• Work to be completed
Images excepted, the data below must be repeated exactly.

• The records
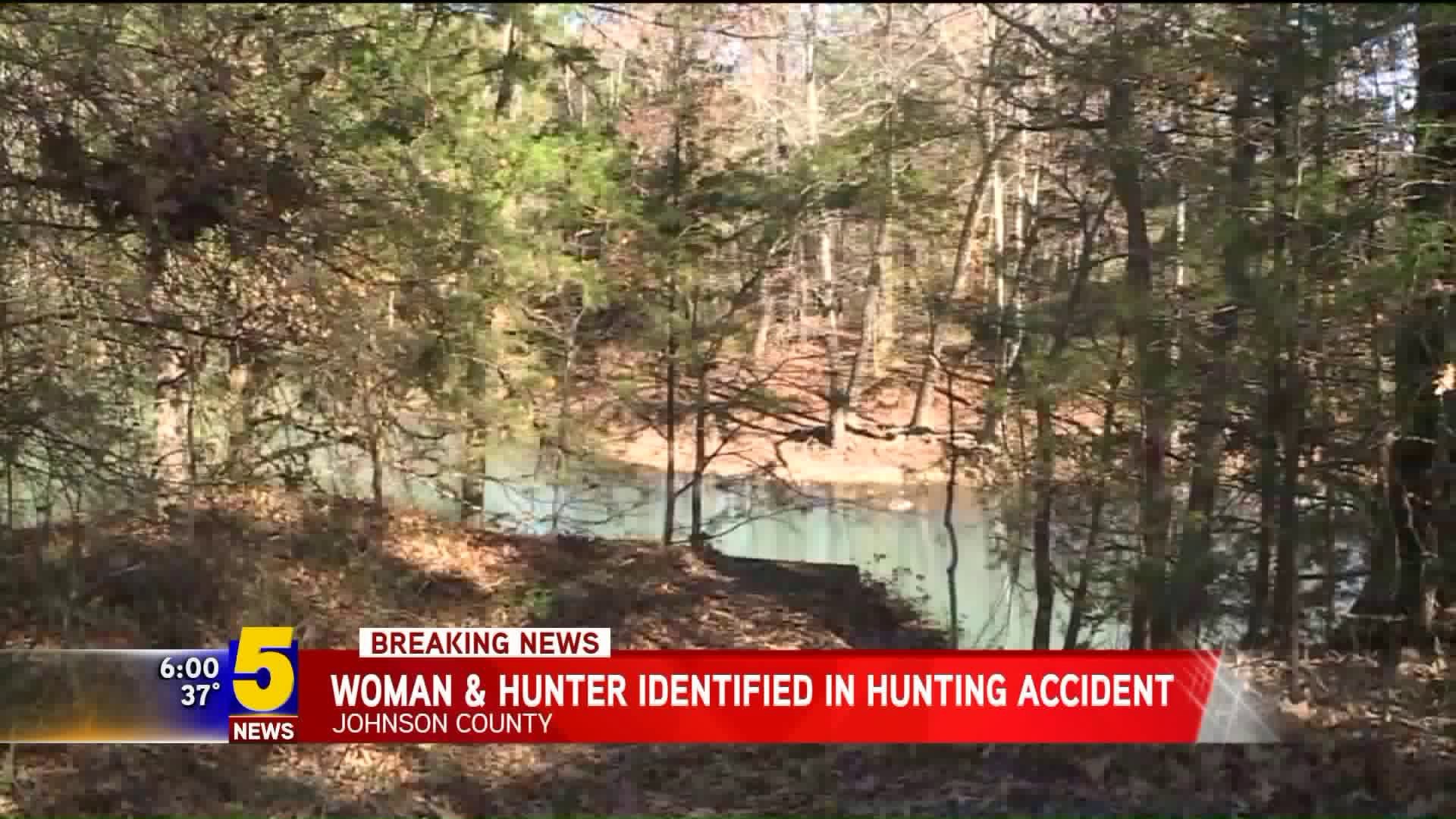 Victim & Shooter Identified In Johnson County Hunting Accident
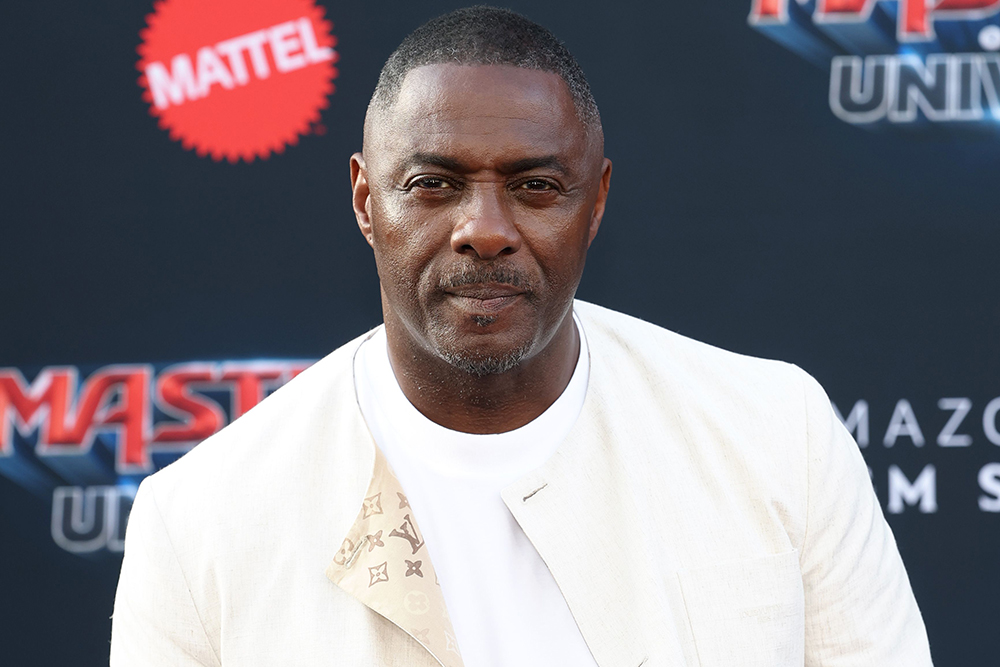 Idris Elba: geruchten over Bond-rol waren nooit serieus te nemen (Picture by: variety.com)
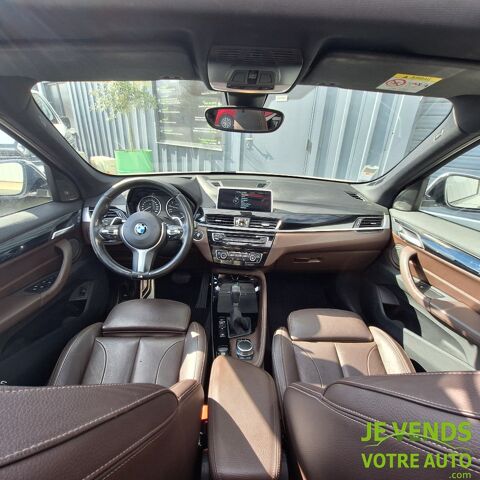 X1 xDrive25iA 231ch M Sport GARANTIE 12 MOIS 2017 occasion 34500 Béziers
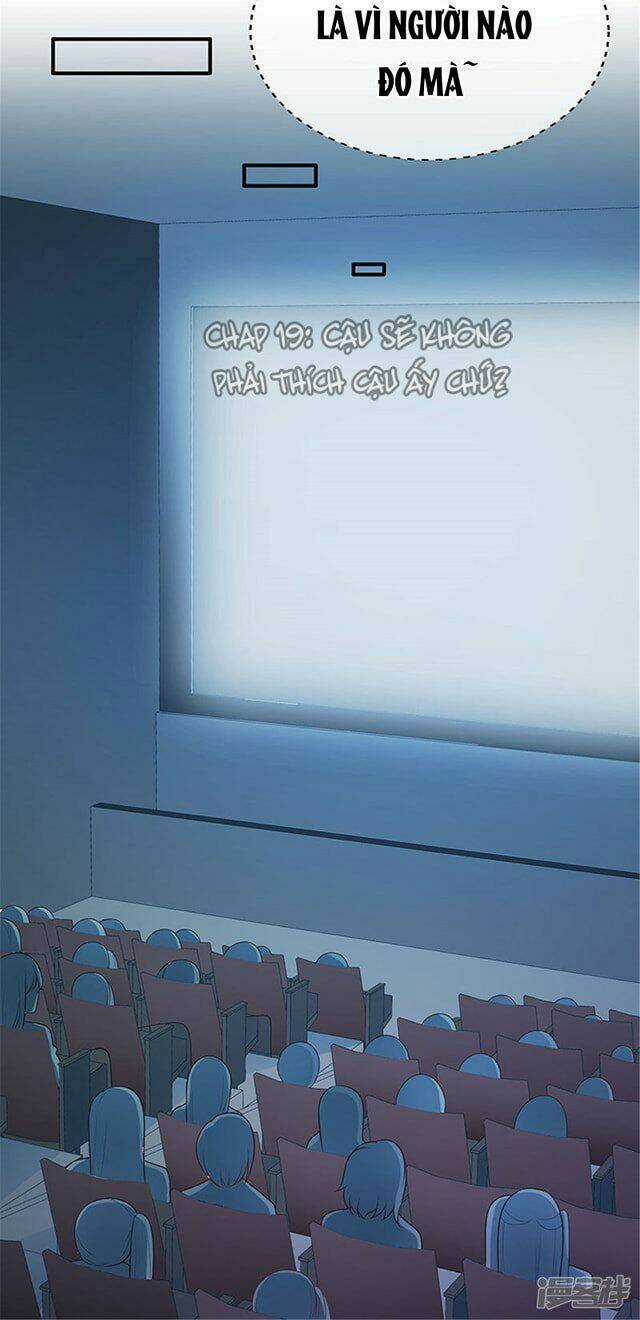 Nụ Cười Cô Ấy Giống Như Kẹo Đường Chapter 19 trang 6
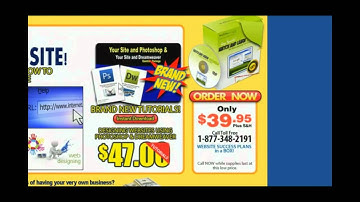 Dreamweaver (CS4) Made Simple Vol. 1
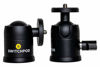 Picture of SwitchPod Ball Head Aluminum Mount 360 Degree Rotating with 90 Degree Portrait Tilt for DSLR Camera or Phone Adapter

• Finished exercise
 Victim & Shooter Identified In Johnson County Hunting Accident
 Idris Elba: geruchten over Bond-rol waren nooit serieus te nemen (Picture by: variety.com)
 X1 xDrive25iA 231ch M Sport GARANTIE 12 MOIS 2017 occasion 34500 Béziers
 Nụ Cười Cô Ấy Giống Như Kẹo Đường Chapter 19 trang 6
 Dreamweaver (CS4) Made Simple Vol. 1
 Picture of SwitchPod Ball Head Aluminum Mount 360 Degree Rotating with 90 Degree Portrait Tilt for DSLR Camera or Phone Adapter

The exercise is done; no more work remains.